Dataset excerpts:
• • • • •
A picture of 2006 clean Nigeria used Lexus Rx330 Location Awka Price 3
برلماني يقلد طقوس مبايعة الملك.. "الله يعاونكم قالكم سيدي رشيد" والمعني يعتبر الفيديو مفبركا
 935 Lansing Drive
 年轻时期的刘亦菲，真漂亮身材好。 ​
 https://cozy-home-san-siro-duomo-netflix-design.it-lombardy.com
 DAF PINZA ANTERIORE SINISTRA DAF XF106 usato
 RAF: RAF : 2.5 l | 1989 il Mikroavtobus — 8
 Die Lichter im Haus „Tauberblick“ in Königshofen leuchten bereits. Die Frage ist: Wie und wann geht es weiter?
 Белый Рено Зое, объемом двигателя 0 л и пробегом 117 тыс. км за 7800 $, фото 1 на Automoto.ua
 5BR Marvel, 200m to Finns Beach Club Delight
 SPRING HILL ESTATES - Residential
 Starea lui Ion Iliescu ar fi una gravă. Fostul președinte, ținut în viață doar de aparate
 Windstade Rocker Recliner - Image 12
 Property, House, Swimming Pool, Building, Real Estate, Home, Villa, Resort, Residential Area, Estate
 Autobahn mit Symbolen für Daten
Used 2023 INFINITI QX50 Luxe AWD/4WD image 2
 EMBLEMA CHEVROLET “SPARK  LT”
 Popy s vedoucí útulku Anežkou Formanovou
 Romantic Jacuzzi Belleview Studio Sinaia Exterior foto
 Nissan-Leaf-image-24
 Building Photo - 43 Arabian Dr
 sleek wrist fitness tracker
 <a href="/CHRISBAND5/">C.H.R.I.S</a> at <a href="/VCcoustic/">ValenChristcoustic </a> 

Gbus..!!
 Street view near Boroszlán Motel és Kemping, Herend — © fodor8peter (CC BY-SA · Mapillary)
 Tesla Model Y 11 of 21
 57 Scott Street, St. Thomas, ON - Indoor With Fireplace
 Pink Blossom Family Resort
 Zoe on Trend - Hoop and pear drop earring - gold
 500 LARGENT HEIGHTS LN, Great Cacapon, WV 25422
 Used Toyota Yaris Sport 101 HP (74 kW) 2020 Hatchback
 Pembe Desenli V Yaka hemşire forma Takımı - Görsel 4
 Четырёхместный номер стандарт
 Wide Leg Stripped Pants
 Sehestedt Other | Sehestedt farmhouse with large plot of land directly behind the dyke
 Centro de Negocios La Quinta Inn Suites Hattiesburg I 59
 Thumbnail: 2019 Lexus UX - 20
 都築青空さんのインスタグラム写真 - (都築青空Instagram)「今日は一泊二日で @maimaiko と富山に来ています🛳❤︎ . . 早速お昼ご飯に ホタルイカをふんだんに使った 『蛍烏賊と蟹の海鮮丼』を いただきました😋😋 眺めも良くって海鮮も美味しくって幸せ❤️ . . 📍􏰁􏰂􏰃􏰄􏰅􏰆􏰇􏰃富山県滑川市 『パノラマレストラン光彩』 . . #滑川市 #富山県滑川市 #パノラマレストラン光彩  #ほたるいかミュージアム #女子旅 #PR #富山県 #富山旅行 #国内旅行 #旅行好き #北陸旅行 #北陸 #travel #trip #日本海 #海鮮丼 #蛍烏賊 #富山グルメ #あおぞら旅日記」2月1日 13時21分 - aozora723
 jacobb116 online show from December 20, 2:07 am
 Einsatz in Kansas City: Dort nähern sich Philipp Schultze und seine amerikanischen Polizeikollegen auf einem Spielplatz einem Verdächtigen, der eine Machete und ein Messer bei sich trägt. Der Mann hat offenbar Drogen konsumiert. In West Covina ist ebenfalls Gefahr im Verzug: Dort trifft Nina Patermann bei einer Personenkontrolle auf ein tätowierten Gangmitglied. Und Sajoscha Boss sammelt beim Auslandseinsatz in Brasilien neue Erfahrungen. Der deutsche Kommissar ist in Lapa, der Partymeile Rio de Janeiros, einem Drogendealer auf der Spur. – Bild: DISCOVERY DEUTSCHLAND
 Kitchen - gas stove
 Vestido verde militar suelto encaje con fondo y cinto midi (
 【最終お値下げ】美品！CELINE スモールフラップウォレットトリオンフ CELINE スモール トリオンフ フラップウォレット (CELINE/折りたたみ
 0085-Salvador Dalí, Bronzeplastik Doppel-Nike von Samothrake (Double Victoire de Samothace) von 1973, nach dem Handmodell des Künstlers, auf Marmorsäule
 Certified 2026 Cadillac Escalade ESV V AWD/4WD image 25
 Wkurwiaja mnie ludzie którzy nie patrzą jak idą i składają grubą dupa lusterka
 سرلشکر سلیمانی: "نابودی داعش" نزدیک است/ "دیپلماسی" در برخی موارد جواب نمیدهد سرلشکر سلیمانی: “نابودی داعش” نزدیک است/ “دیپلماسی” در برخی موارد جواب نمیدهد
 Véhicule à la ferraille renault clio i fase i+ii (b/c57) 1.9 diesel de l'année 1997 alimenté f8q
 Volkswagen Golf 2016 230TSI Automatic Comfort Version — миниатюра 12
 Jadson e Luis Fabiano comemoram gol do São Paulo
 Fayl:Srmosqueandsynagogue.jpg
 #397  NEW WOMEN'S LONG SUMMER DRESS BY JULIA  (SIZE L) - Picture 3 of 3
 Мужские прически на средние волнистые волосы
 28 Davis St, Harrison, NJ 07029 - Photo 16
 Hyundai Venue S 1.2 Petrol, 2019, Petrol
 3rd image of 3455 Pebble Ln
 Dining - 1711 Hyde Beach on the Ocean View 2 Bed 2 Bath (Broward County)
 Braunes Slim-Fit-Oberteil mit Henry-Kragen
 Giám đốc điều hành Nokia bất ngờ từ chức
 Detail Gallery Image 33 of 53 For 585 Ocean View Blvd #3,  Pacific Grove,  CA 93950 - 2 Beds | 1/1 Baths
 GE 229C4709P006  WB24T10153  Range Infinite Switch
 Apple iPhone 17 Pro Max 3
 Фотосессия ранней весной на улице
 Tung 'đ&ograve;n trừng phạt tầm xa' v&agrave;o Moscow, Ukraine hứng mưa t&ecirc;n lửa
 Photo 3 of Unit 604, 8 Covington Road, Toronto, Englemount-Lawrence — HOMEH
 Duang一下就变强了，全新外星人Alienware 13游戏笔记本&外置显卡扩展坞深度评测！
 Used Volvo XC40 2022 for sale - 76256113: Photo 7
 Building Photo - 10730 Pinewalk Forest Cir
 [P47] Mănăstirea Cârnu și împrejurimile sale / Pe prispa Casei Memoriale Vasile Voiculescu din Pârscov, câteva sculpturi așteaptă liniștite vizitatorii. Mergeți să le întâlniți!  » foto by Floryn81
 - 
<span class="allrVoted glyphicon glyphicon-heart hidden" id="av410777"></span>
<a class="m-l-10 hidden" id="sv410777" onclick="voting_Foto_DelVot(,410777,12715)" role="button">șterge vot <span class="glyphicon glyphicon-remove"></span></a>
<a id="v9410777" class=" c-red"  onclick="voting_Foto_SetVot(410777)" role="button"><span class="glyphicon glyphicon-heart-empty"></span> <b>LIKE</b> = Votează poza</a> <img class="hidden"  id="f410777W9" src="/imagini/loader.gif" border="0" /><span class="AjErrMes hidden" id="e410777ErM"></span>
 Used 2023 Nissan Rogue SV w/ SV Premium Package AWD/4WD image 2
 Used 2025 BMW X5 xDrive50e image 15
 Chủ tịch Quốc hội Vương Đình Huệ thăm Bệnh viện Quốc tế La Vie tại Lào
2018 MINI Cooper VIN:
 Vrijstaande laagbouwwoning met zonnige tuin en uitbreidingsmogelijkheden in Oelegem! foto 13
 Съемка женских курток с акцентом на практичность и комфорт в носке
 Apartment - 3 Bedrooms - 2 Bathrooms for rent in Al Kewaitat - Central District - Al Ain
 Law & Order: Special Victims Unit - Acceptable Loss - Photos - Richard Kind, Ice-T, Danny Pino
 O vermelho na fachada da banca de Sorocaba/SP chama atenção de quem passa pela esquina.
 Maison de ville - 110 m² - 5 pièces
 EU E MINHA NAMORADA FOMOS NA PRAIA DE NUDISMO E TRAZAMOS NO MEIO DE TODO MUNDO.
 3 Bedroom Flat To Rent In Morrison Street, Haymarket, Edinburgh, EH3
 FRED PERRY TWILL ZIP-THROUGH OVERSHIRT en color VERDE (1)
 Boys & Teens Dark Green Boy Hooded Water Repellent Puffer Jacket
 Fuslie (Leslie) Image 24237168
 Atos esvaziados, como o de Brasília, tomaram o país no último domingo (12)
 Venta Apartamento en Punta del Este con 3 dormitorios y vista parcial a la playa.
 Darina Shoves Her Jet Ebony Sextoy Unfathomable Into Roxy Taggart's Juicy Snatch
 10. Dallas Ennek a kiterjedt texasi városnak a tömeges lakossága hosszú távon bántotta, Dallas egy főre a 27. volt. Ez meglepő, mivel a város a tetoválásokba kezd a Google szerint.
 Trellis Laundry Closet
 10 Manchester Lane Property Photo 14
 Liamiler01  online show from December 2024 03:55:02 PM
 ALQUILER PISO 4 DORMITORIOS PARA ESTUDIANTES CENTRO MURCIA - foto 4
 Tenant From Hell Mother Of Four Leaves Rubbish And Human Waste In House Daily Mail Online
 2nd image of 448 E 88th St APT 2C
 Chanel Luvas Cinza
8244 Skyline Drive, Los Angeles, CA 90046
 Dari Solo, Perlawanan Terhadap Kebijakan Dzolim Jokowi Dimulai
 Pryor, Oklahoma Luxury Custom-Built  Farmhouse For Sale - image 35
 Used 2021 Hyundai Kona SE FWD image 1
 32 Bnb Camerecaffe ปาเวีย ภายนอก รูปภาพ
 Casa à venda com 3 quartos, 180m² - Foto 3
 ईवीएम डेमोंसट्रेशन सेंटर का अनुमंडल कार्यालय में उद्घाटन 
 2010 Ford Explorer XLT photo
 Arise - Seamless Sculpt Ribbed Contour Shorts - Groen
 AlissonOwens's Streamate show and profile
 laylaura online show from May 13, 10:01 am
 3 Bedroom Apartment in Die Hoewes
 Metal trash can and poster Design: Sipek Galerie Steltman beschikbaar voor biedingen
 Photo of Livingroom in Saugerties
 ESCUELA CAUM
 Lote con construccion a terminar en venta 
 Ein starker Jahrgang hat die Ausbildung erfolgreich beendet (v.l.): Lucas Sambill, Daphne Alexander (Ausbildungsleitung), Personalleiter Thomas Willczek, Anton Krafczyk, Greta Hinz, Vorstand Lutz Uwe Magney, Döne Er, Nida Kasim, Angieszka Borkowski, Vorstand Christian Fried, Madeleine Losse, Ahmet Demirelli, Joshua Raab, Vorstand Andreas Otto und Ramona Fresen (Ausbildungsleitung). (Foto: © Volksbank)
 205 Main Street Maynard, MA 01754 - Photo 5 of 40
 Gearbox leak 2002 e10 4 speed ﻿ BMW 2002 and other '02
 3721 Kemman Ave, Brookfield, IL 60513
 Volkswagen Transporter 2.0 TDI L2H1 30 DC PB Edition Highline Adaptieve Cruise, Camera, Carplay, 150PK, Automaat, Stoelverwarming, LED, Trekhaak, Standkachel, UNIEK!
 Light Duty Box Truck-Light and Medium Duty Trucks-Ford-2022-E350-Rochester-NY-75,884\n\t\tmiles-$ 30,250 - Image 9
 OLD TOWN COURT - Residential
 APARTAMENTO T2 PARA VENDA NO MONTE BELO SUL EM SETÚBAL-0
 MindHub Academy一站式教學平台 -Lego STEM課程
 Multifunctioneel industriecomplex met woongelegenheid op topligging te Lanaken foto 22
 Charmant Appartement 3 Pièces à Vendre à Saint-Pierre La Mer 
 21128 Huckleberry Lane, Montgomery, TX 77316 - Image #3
• • • • •
### WHAT IS NEEDED
All lines above from the one containing "DAF PINZA ANTERIORE SINISTRA DAF XF106 usato" to the one containing "Autobahn mit Symbolen für Daten" must be repeated exactly, both lines included, and no others.

### WRITTEN REPLY
 DAF PINZA ANTERIORE SINISTRA DAF XF106 usato
 RAF: RAF : 2.5 l | 1989 il Mikroavtobus — 8
 Die Lichter im Haus „Tauberblick“ in Königshofen leuchten bereits. Die Frage ist: Wie und wann geht es weiter?
 Белый Рено Зое, объемом двигателя 0 л и пробегом 117 тыс. км за 7800 $, фото 1 на Automoto.ua
 5BR Marvel, 200m to Finns Beach Club Delight
 SPRING HILL ESTATES - Residential
 Starea lui Ion Iliescu ar fi una gravă. Fostul președinte, ținut în viață doar de aparate
 Windstade Rocker Recliner - Image 12
 Property, House, Swimming Pool, Building, Real Estate, Home, Villa, Resort, Residential Area, Estate
 Autobahn mit Symbolen für Daten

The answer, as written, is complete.